A finales del siglo XX, y a pesar de enormes carnicerías y brutales holocaustos, la vieja idea del progreso fue reformulada por Fukuyama en un perfil más bajo y cauteloso: el fin de las ideologías combatientes constituía un factor de estabilidad que traería la extensión universal de la democracia y la libertad. Hubo algunos, como Reagan y su equipo, que pensaron que quizás desde Washington había que ayudar a la idea para llevar ambas cosas (incluyendo la libertad del mercado) hasta el último rincón del planeta, aun a costa de tener que iluminar por la fuerza a quienes no comprendían su irresistible atractivo. Una doctrina que, como se sabe, fue llevada a las últimas consecuencias por la Administración del segundo Bush (a la que, por cierto, terminó oponiéndose Fu-kuyama) y cuyas sangrientas consecuencias siguen salpicando al mundo. Las sensacionales revelaciones de estos días acerca de las repugnantes cloacas de Afganistán e Irak nos hablan a las claras de los perniciosos efectos de ese nuevo despotismo ilustrado armado hasta los dientes, y de lo lejos que esos pueblos se encuentran hoy de la libertad.
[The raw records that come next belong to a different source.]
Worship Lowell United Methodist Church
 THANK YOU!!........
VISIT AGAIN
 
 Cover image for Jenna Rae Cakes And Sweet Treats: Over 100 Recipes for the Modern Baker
Mientras tanto, en muchos lugares la vida de los hombres -y la de las mujeres, que suelen pasarlo aún peor- sigue siendo "pobre, desagradable, brutal y corta". Aunque ya no necesariamente solitaria. El precio de alimentos fundamentales para la dieta tradicional de buena parte de la humanidad (trigo, maíz, azúcar, tomates, carne) aumenta en plena crisis, propiciado, además de por las consabidas causas políticas y estructurales, por malas cosechas, desastres naturales y deterioros ambientales provocados. Algunos expertos afirman que el incremento de los precios no llegará a los niveles de 2008, pero entonces los ricos podían permitirse el muy mediático y rentable lujo de ser compasivos. Ahora la situación se degrada y las protestas de los hambrientos (como las de Mozambique el mes pasado) se hacen más desesperadas y violentas. Y, aunque para todo hay causas y culpables (o precisamente por ello), hay días en que uno se levanta de la cama pensando que seguimos más cerca del caos de Hobbes que de los entusiasmos de Pangloss.